* **Records excerpted from a collection**

——————————

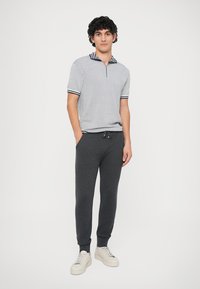 Polo riscado com meia cremalheira, combinado com calças de jogging cinza-escuras e ténis brancos. Material de algodão com punhos e colarinho canelados.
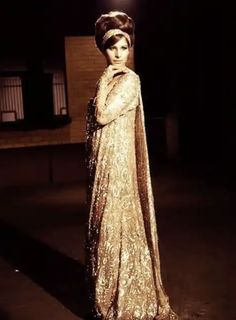 a woman wearing a gold dress and headpiece standing in front of a dark background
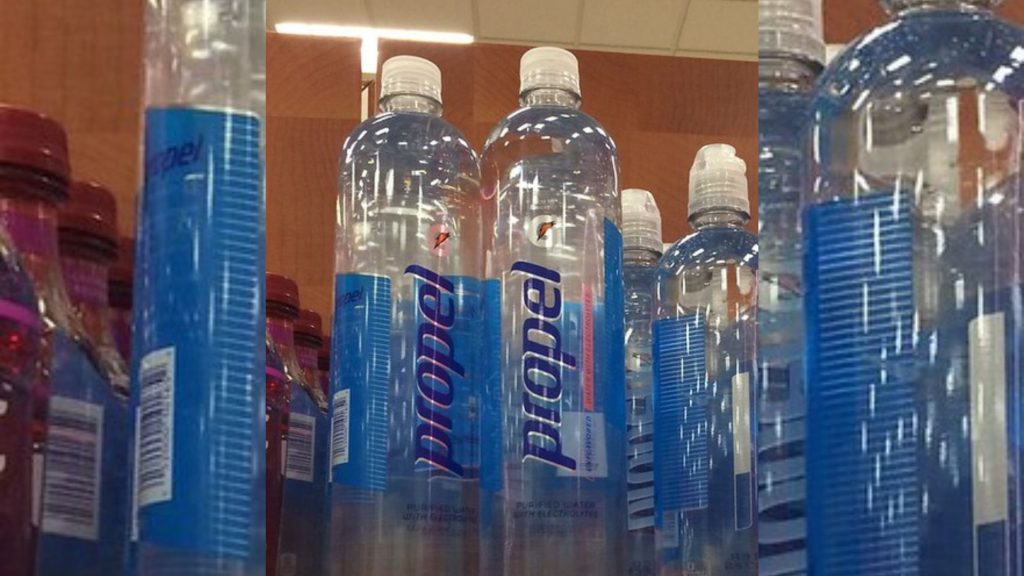 Bottles of Propel Water on a shelf.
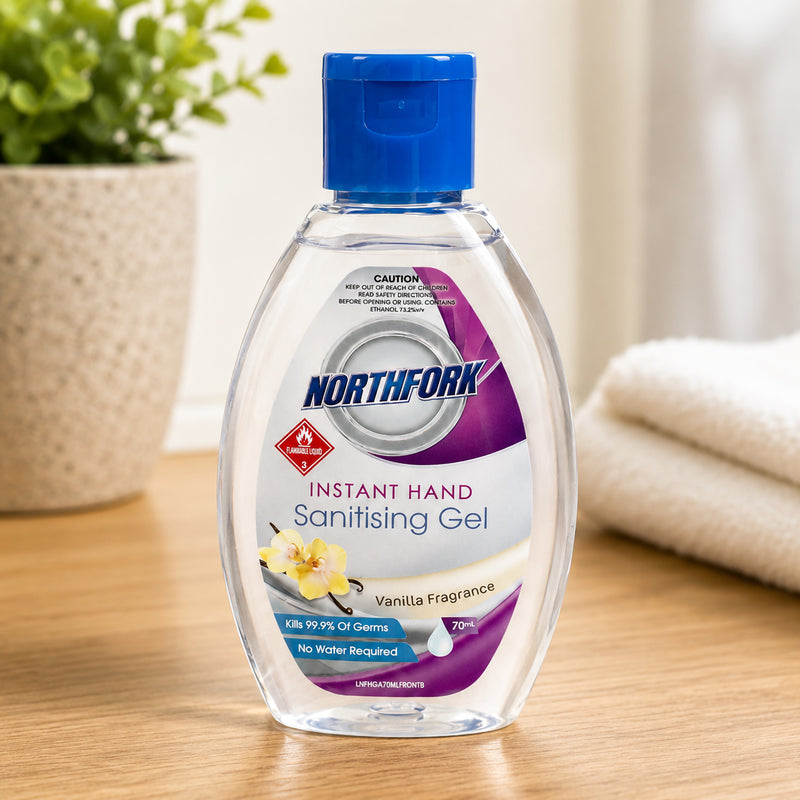 Northfork Instant Hand Sanitising Gel 70ml standing on a timber benchtop beside folded towels and a potted plant in a bright home environment. The clean setting emphasises personal hygiene, everyday convenience and the pleasant vanilla fragrance.
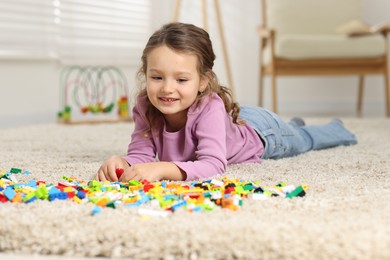 Photo of Cute girl playing with building blocks on floor at home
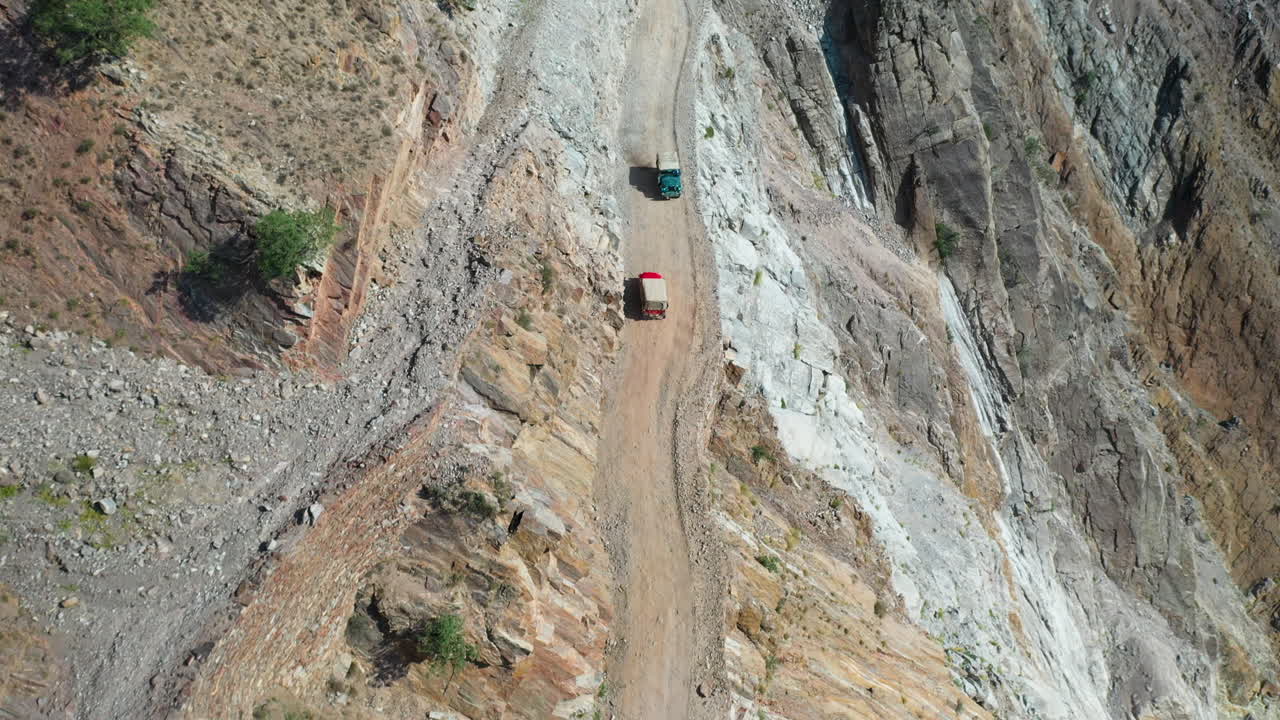 세계에서 두 번째로 치명적인 고속도로인 파키스탄의 요정 초원 도로에서 서로 지나가는 차량의 서사시적인 드론 샷, 넓은 공중 촬영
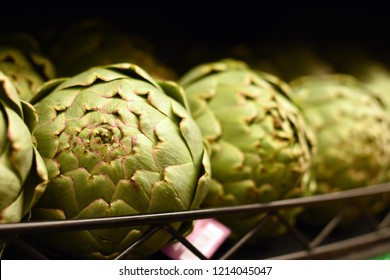 Artichokes In A Row On A Produce Aisle Shelf In The Grocery Store.  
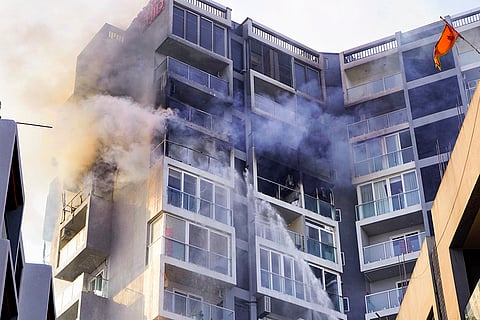 An apartment building stands gutted after a fire breaks out in the Argora residential area, in Ranchi.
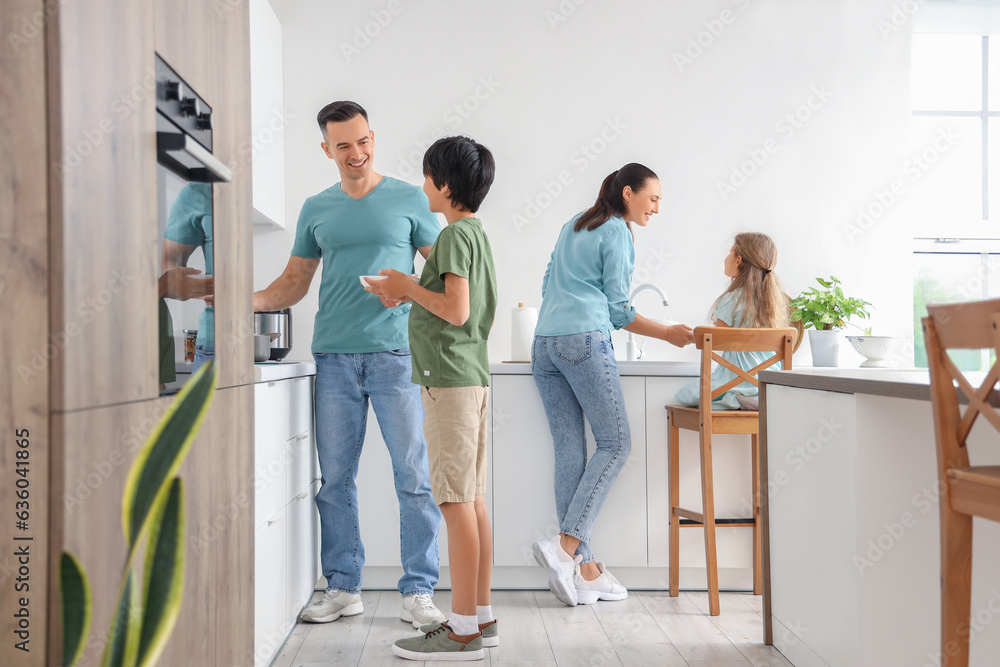 Little children with their parents in kitchen
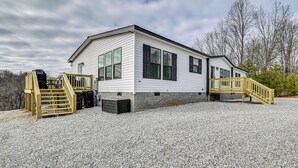 A single-story mobile home with a gravel driveway, wooden deck, and a small staircase leading to a deck area. - Cozy Hillside Retreat Near Dale Hollow Lake! (Burkesville)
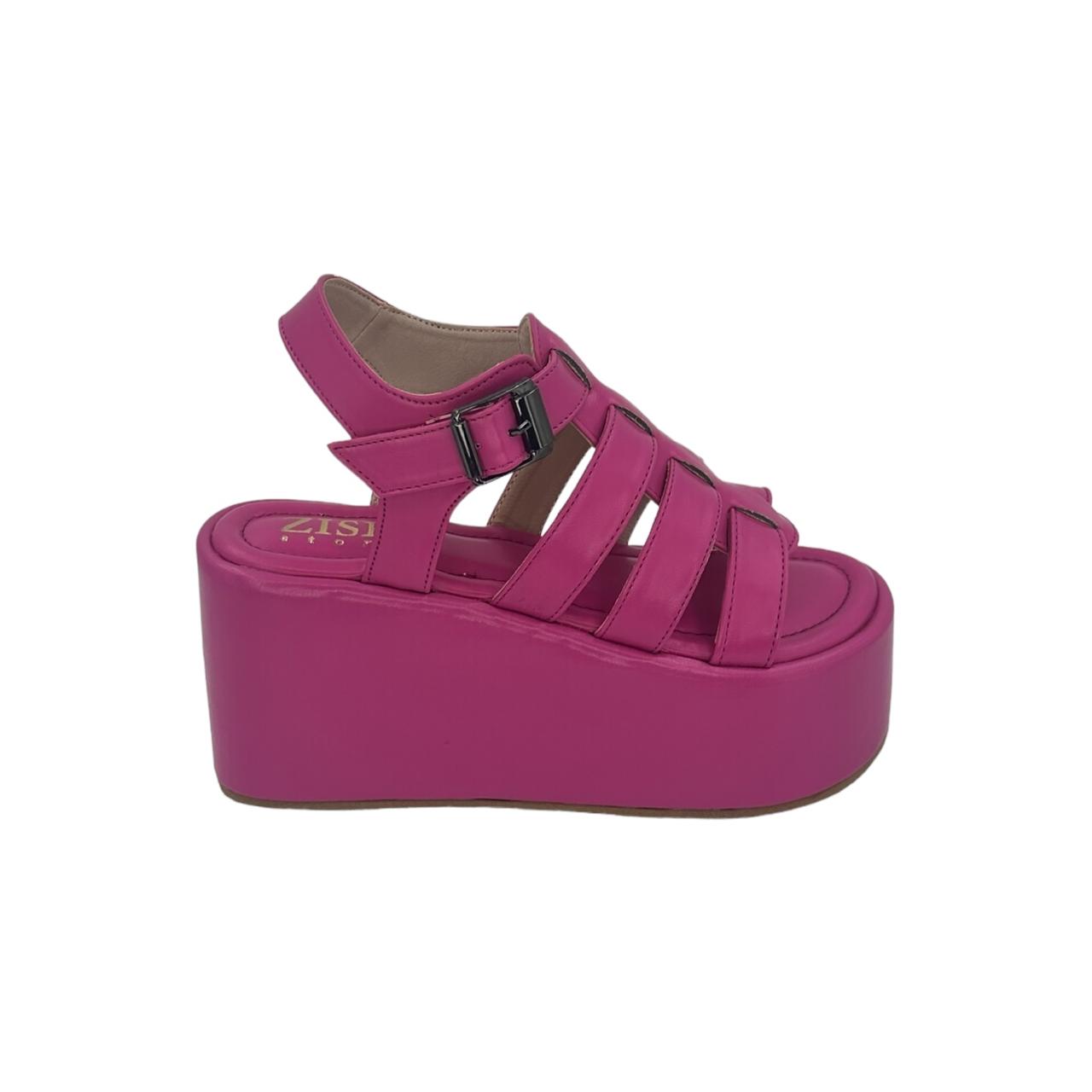 Hot pink chunky heel caged platform sandal with open toe and ankle strap buckle closure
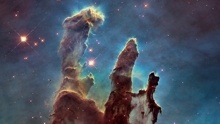 Image of the Pillars of Creation showing three dark brown towers against a light blue background scattered with stars.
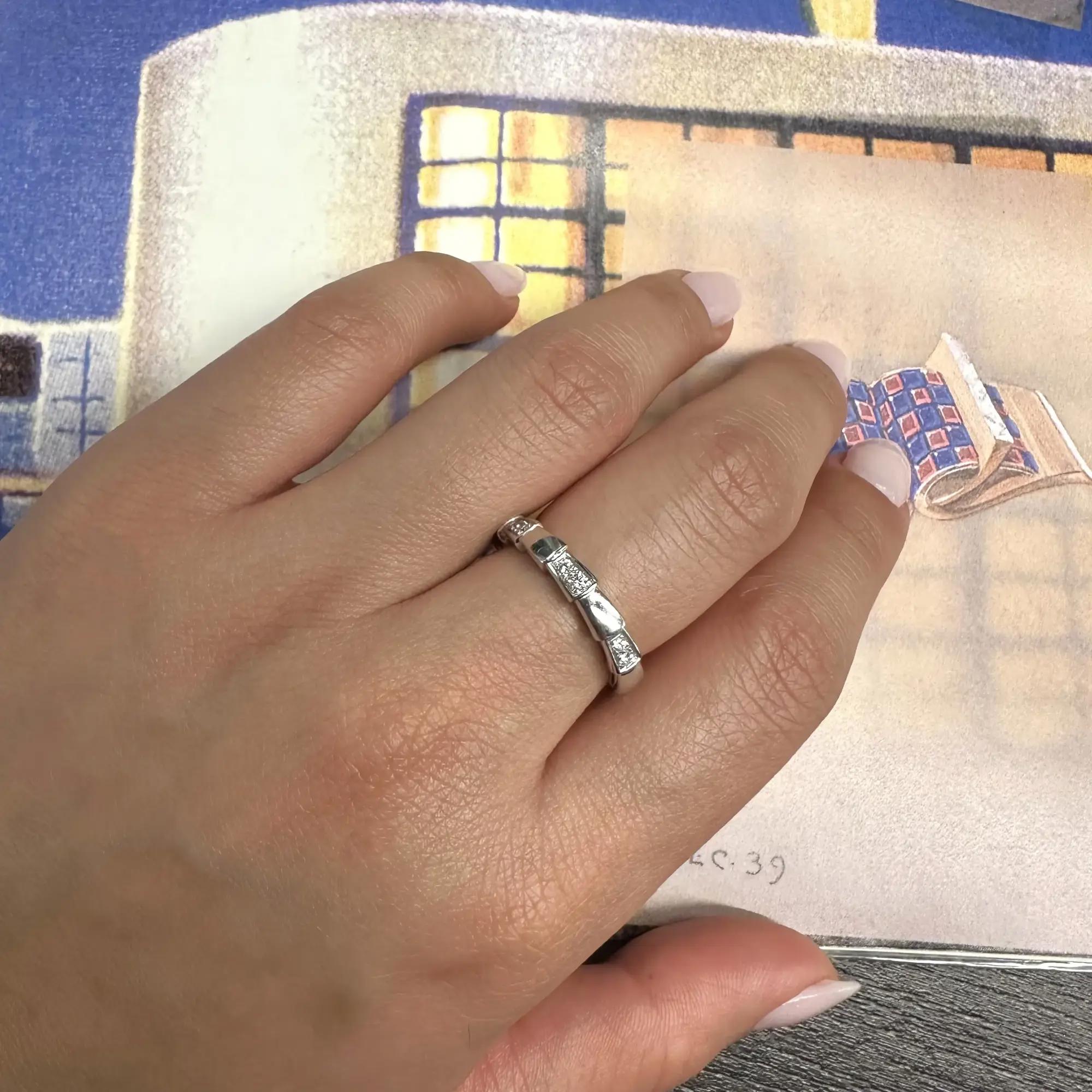 An image of a unisex adult Bvlgari Serpenti Viper band ring with diamonds, worn on the ring finger of a left hand which is resting against a colorful, illustrated background. The hand is positioned at a three-quarter angle from the viewer's perspective, with the diamonds on the ring catching light and sparkling. The ring is shown in a close-up view, allowing for detailed visibility of the diamond settings and the band's design. The condition of the ring is new.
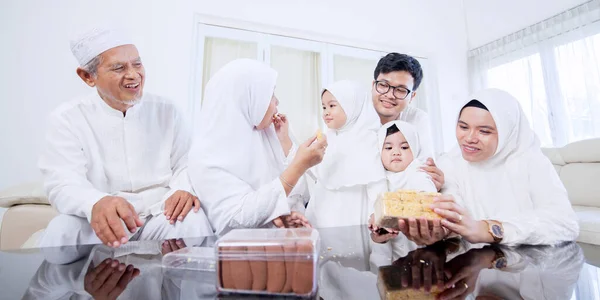 开开心心的三代穆斯林家庭在开斋节期间一起吃饼干 同时坐在客厅的沙发上 在家里中弹 — 图库照片
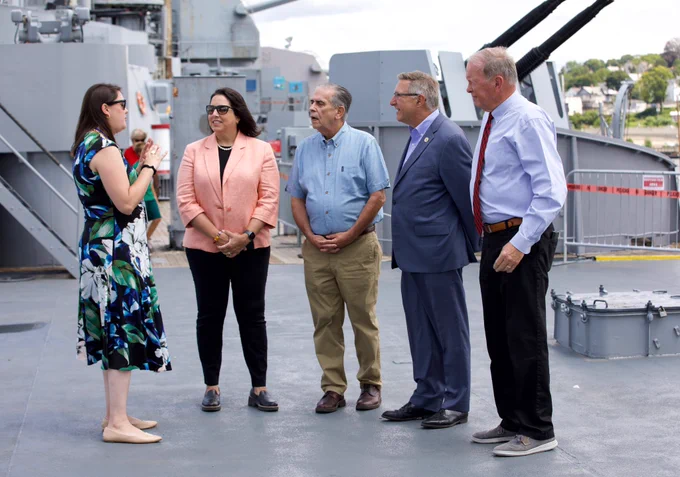 LG and Fall River elected officials aboard battleship.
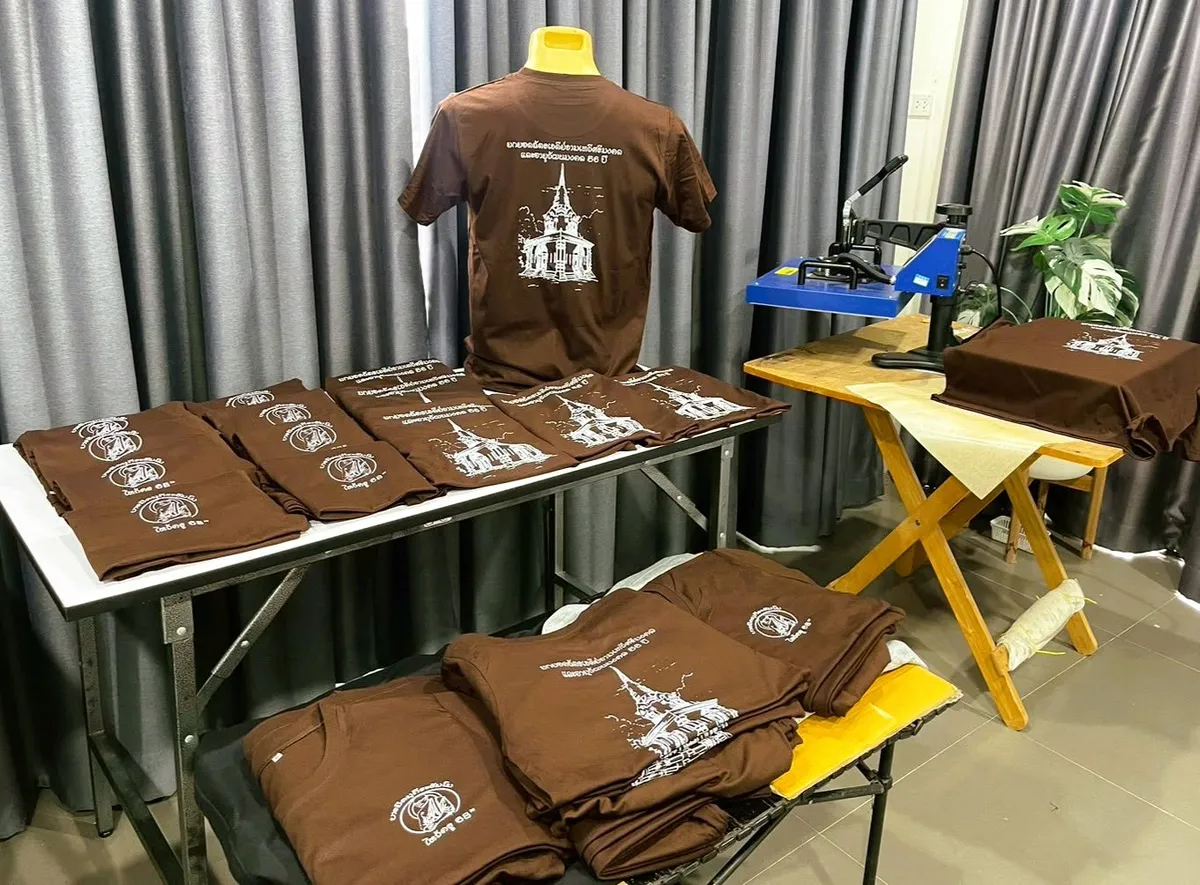 หน้าร้านบ้านเสื้อ พร้อมเครื่องรีดร้อนและเสื้อที่ผลิตเสร็จ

——————————

* **Exercise directions**
In the answer, the entries must appear exactly as above, without the images.

* **The completed task**
 Polo riscado com meia cremalheira, combinado com calças de jogging cinza-escuras e ténis brancos. Material de algodão com punhos e colarinho canelados.
 a woman wearing a gold dress and headpiece standing in front of a dark background
 Bottles of Propel Water on a shelf.
 Northfork Instant Hand Sanitising Gel 70ml standing on a timber benchtop beside folded towels and a potted plant in a bright home environment. The clean setting emphasises personal hygiene, everyday convenience and the pleasant vanilla fragrance.
 Photo of Cute girl playing with building blocks on floor at home
 세계에서 두 번째로 치명적인 고속도로인 파키스탄의 요정 초원 도로에서 서로 지나가는 차량의 서사시적인 드론 샷, 넓은 공중 촬영
 Artichokes In A Row On A Produce Aisle Shelf In The Grocery Store.  
 An apartment building stands gutted after a fire breaks out in the Argora residential area, in Ranchi.
 Little children with their parents in kitchen
 A single-story mobile home with a gravel driveway, wooden deck, and a small staircase leading to a deck area. - Cozy Hillside Retreat Near Dale Hollow Lake! (Burkesville)
 Hot pink chunky heel caged platform sandal with open toe and ankle strap buckle closure
 Image of the Pillars of Creation showing three dark brown towers against a light blue background scattered with stars.
 An image of a unisex adult Bvlgari Serpenti Viper band ring with diamonds, worn on the ring finger of a left hand which is resting against a colorful, illustrated background. The hand is positioned at a three-quarter angle from the viewer's perspective, with the diamonds on the ring catching light and sparkling. The ring is shown in a close-up view, allowing for detailed visibility of the diamond settings and the band's design. The condition of the ring is new.
 开开心心的三代穆斯林家庭在开斋节期间一起吃饼干 同时坐在客厅的沙发上 在家里中弹 — 图库照片
 LG and Fall River elected officials aboard battleship.
 หน้าร้านบ้านเสื้อ พร้อมเครื่องรีดร้อนและเสื้อที่ผลิตเสร็จ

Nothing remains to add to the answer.